Scraped caption text data
====

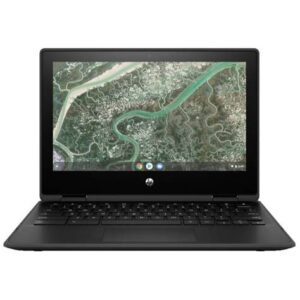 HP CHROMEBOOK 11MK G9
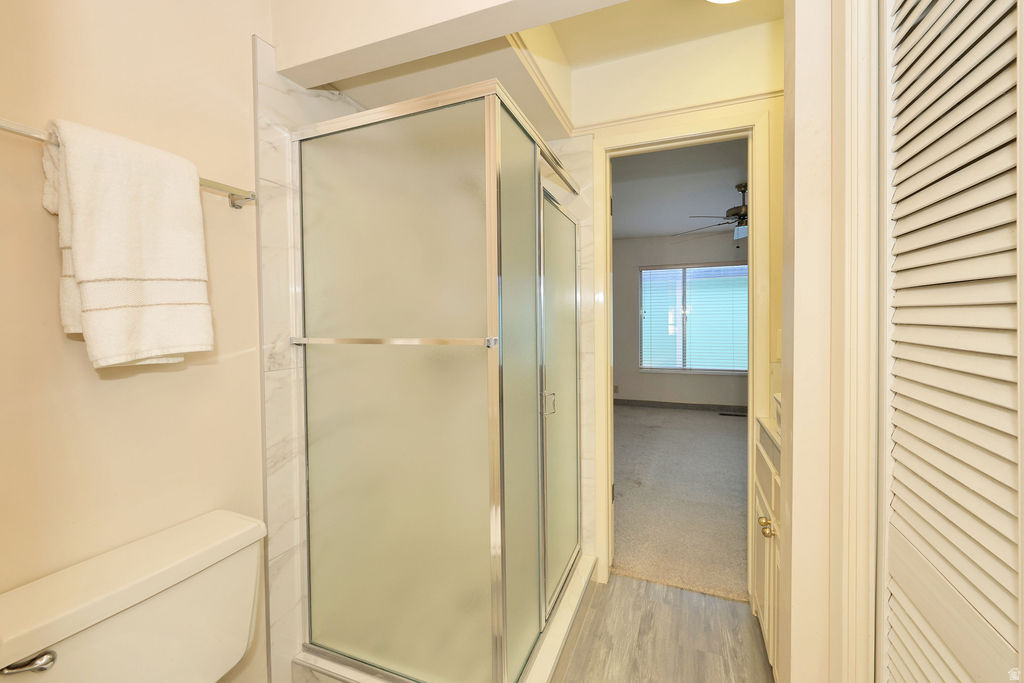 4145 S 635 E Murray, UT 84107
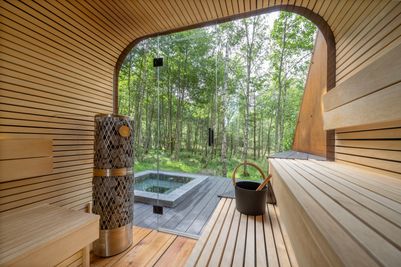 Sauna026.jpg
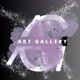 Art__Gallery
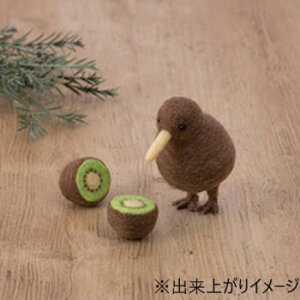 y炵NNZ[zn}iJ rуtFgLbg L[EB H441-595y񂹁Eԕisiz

====

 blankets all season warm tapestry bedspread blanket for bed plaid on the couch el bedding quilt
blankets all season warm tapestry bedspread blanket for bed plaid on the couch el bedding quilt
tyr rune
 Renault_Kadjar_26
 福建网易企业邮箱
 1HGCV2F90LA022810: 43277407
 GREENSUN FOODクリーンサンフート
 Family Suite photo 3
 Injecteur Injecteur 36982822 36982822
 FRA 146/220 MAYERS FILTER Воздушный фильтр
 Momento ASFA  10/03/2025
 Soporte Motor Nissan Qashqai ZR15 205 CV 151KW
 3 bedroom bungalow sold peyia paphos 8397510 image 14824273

====

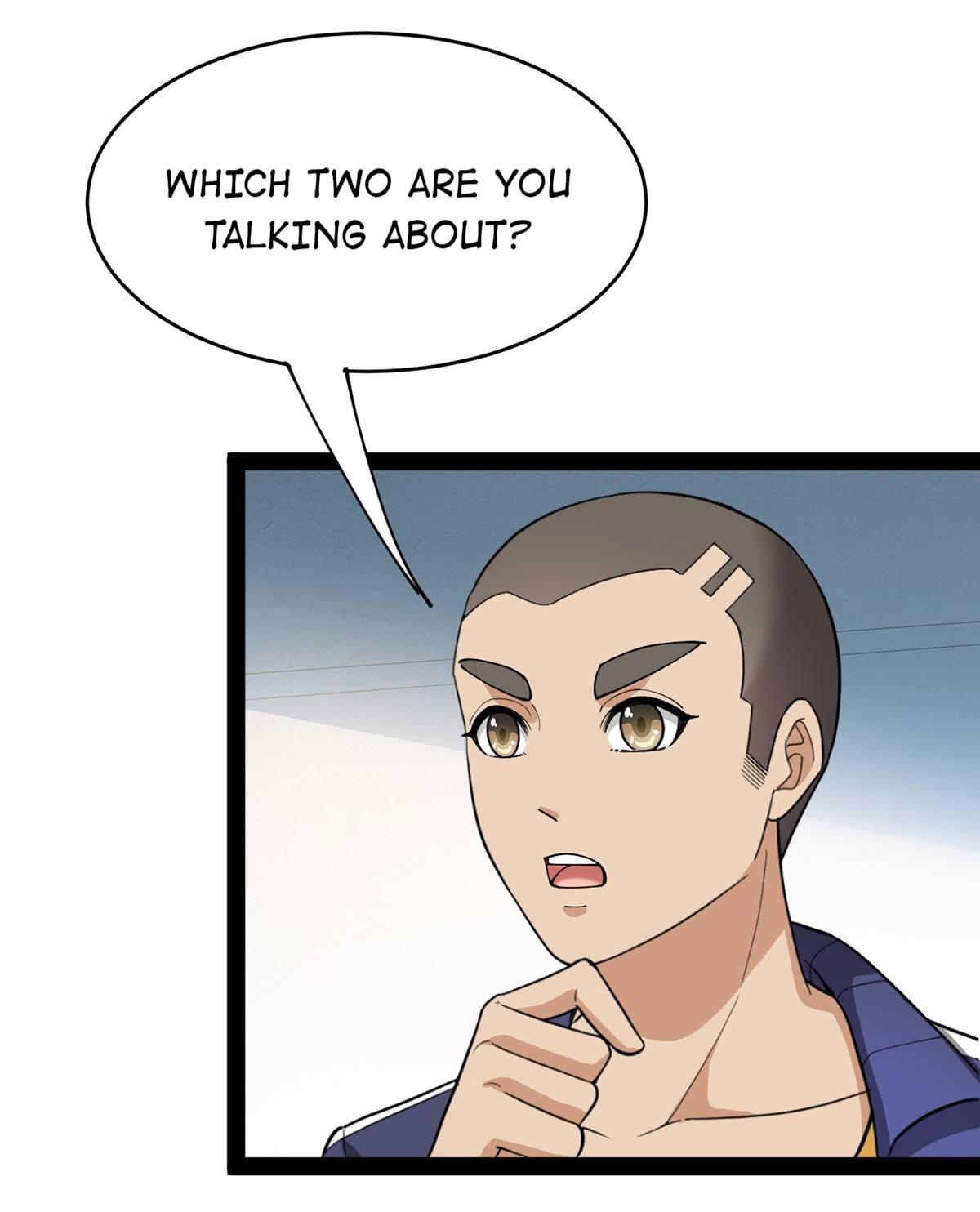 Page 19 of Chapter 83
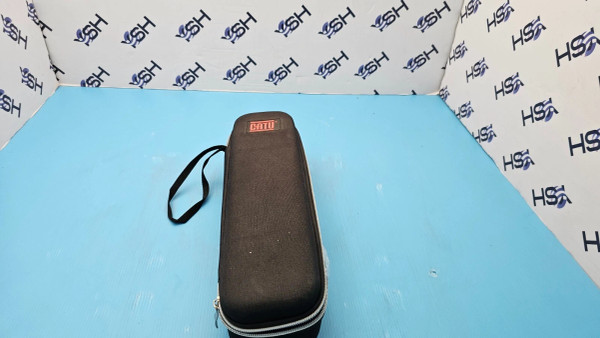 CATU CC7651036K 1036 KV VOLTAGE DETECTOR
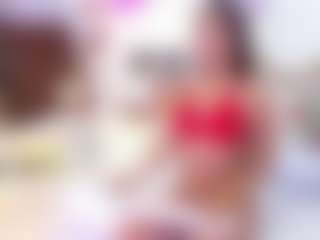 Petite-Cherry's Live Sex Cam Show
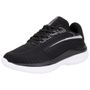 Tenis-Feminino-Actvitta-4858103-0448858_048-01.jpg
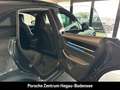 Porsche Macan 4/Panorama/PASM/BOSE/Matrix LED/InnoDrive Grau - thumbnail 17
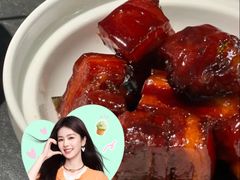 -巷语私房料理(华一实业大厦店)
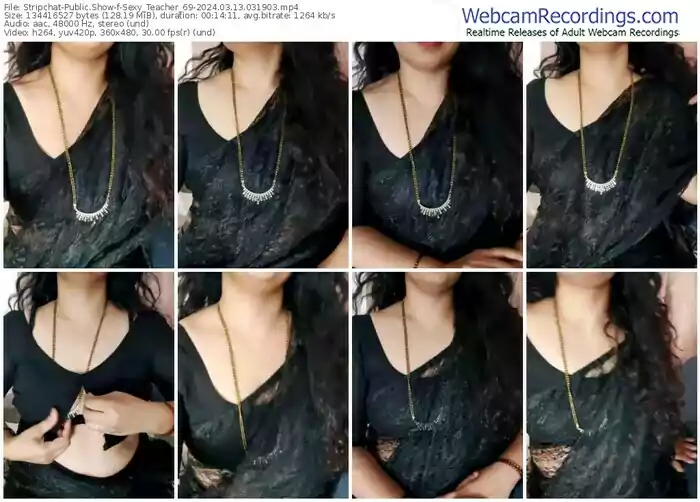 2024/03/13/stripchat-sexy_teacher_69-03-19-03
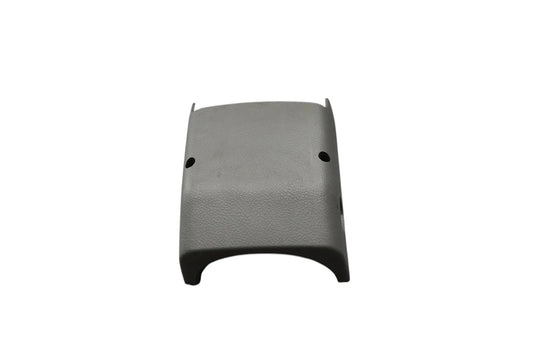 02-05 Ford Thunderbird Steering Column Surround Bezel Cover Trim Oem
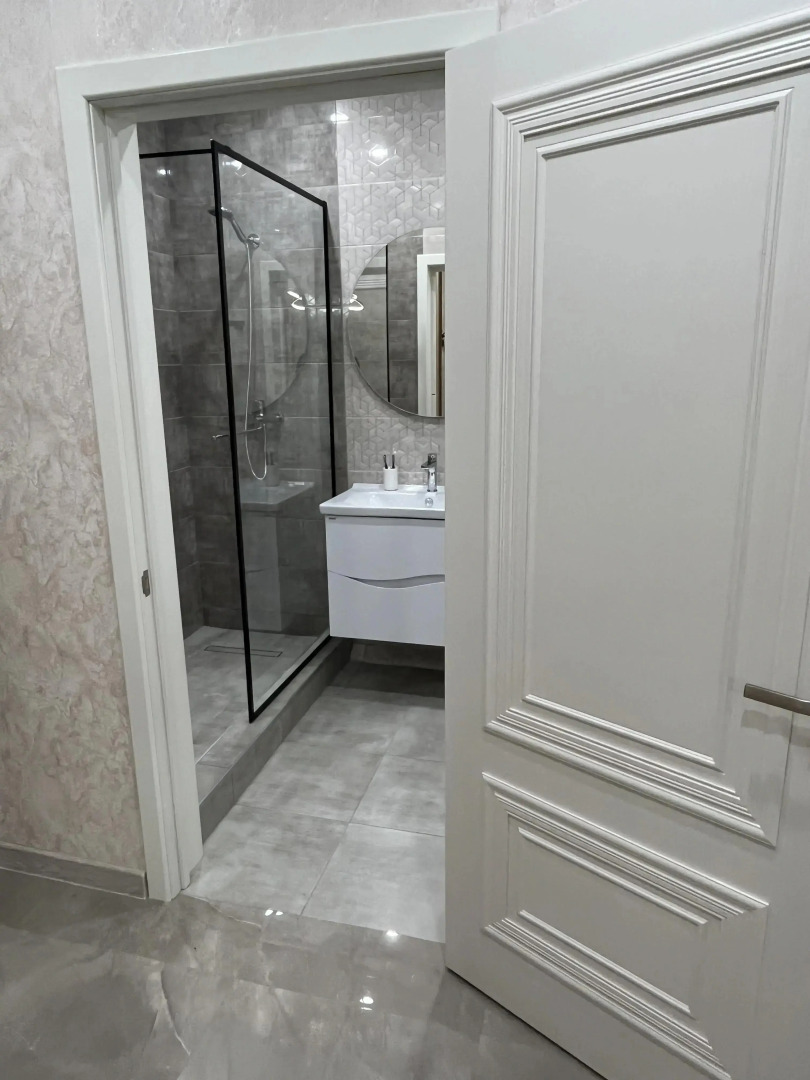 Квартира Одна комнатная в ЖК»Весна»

====

In the records above, some lines hold the word "blanket"; copy each such line.

### [The completed task]
 blankets all season warm tapestry bedspread blanket for bed plaid on the couch el bedding quilt
blankets all season warm tapestry bedspread blanket for bed plaid on the couch el bedding quilt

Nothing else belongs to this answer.